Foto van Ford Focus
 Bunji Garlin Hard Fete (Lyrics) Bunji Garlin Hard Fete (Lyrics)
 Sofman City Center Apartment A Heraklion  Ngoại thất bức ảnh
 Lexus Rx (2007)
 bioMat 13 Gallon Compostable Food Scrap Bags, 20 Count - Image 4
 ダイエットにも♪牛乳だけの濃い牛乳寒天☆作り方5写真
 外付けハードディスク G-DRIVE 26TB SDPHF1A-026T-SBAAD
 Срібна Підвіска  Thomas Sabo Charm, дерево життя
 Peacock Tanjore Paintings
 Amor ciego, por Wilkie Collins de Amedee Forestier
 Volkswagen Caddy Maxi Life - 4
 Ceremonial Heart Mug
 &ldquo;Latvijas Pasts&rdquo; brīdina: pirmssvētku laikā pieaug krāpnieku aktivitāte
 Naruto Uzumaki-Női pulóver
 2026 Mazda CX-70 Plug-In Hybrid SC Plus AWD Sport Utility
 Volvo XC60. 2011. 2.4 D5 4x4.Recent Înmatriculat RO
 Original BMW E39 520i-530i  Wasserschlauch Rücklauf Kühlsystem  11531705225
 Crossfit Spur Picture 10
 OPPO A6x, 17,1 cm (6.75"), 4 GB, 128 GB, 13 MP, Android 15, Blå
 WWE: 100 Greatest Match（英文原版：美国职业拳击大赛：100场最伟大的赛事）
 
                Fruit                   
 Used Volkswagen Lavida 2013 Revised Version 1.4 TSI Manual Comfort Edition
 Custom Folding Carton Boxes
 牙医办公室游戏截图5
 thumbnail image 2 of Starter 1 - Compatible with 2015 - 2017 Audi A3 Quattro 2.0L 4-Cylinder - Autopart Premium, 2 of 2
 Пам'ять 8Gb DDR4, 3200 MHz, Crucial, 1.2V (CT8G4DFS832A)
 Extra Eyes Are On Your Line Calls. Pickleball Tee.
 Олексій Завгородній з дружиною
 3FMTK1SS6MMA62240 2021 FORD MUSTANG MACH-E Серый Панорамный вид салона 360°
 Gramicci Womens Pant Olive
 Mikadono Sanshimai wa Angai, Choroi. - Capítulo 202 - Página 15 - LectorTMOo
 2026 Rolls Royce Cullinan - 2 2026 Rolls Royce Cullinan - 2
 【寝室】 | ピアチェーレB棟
___
→ **What to produce**: Your answer must consist of every line in the listing that contains "Volkswagen".

→ **Task result**:
 Volkswagen Caddy Maxi Life - 4
 Used Volkswagen Lavida 2013 Revised Version 1.4 TSI Manual Comfort Edition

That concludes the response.